Hold the *Windows* key and press *R*, then type *CMD* (_COMMAND for W98/WME)_ to open a command prompt:

In the command prompt window that opens, type type the following commands one at a time, followed by the _*Enter*_ key:

*NOTE:* For the items below in *red* surrounded with *< >*, see comments below for the actual information content, they are value substitutions from the previous IPCONFIG command output! Do NOT type <computer_IP_address> into the command, that won't work. Also, the < and > in the text is to identify the parameters, they are also NOT used in the actual commands.

Do NOT include the <> either, they're just to identify the values for substitution.

IPCONFIG /ALL

PING <computer_IP_address>

PING <default_gateway_address>

PING <dns_servers>

PING 74.125.45.100

PING yahoo.com

Right click in the command window and choose *Select All*, then hit *Enter* to copy the contents to the clipboard.
Paste the results in a message here.

*<computer_IP_address>* - The *IP Address* of your computer, obtained from the IPCONFIG command above. _(For Vista/Win7, the IPv4 Address)_

*<default_gateway_address>* - The IP address of the *Default Gateway*, obtained from the IPCONFIG command above.

*<dns_servers>* - The IP address of the first (or only) address for *DNS Servers*, obtained from the IPCONFIG command above.

If you are on a machine with no network connection, use a floppy, USB disk, or a CD-RW disk to transfer a text file with the information to allow pasting it here.


----------



## zomg (Dec 2, 2006)

Thanks for the replies and sorry for my late response. 

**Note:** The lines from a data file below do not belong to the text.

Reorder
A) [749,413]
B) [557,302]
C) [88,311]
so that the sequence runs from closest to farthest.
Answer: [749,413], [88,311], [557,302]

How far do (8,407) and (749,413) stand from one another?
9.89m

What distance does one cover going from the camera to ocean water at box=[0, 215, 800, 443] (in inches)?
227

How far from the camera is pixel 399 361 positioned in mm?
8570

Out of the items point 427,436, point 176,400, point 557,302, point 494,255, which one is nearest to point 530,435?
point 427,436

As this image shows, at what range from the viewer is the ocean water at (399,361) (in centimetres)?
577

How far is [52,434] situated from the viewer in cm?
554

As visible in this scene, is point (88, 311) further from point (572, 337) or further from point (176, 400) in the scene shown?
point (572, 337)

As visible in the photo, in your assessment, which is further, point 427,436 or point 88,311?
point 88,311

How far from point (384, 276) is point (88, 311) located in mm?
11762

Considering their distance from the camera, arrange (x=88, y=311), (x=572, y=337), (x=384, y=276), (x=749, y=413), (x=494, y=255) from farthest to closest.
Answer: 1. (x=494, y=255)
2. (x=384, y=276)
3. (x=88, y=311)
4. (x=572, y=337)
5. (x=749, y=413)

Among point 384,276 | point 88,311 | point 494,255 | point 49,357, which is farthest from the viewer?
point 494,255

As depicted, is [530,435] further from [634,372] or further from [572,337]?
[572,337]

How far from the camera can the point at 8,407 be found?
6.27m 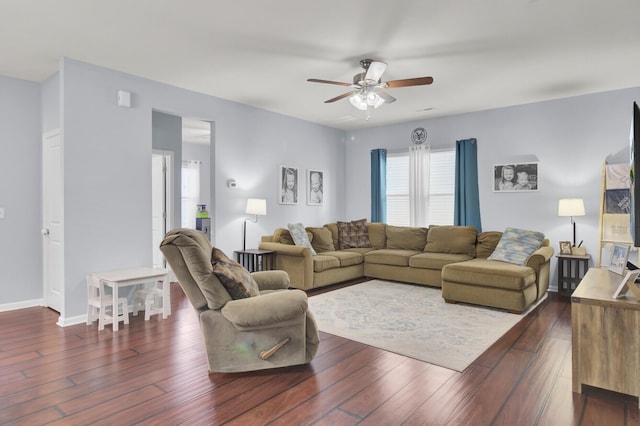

About a week later the problem fixed itself. I would post a solution but I have absolutely no idea how it happened. Sorry for the inconvenience. ._.


----------



## JohnWill (Oct 19, 2002)

That's scary.


----------



## zomg (Dec 2, 2006)

Ah well, it returned all of a sudden, so if there's any hope of this thread ever being active again, I followed your instructions ('/ipconfig all' when the problem occurs):

Windows IP Configuration

Host Name . . . . . . . . . . . . : <name>
Primary Dns Suffix . . . . . . . :
Node Type . . . . . . . . . . . . : Hybrid
IP Routing Enabled. . . . . . . . : No
WINS Proxy Enabled. . . . . . . . : No

Ethernet adapter Local Area Connection:

Connection-specific DNS Suffix . :
Description . . . . . . . . . . . : Realtek PCIe GBE Family Controller
Physical Address. . . . . . . . . : 00-1F-D0-5B-04-2C
DHCP Enabled. . . . . . . . . . . : Yes
Autoconfiguration Enabled . . . . : Yes
Link-local IPv6 Address . . . . . : fe80::5b:90d1:ab6:480a%11(Preferred)
IPv4 Address. . . . . . . . . . . : 192.168.0.10(Preferred)
Subnet Mask . . . . . . . . . . . : 255.255.255.0
Lease Obtained. . . . . . . . . . : 11 November 2009 17:14:40
Lease Expires . . . . . . . . . . : 11 November 2009 18:14:40
Default Gateway . . . . . . . . . : 0.0.0.0
192.168.0.1
DHCP Server . . . . . . . . . . . : 192.168.0.1
DHCPv6 IAID . . . . . . . . . . . : 234889168
DHCPv6 Client DUID. . . . . . . . : 00-01-00-01-12-34-10-1D-00-1F-D0-5B-04-2C

DNS Servers . . . . . . . . . . . : 208.67.222.222
208.67.220.220
NetBIOS over Tcpip. . . . . . . . : Enabled

Tunnel adapter isatap.{F9FC6B34-91D7-4BC2-9FFE-DEE58E2612EF}:

Media State . . . . . . . . . . . : Media disconnected
Connection-specific DNS Suffix . :
Description . . . . . . . . . . . : Microsoft ISATAP Adapter
Physical Address. . . . . . . . . : 00-00-00-00-00-00-00-E0
DHCP Enabled. . . . . . . . . . . : No
Autoconfiguration Enabled . . . . : Yes

Tunnel adapter Local Area Connection* 9:

Media State . . . . . . . . . . . : Media disconnected
Connection-specific DNS Suffix . :
Description . . . . . . . . . . . : Teredo Tunneling Pseudo-Interface
Physical Address. . . . . . . . . : 00-00-00-00-00-00-00-E0
DHCP Enabled. . . . . . . . . . . : No
Autoconfiguration Enabled . . . . : Yes


----------



## JohnWill (Oct 19, 2002)

*TCP/IP stack repair options for use with Vista or Windows 7.*

Start, All Programs\Accessories and *right click* on Command Prompt, select "*Run as Administrator*" to open a command prompt.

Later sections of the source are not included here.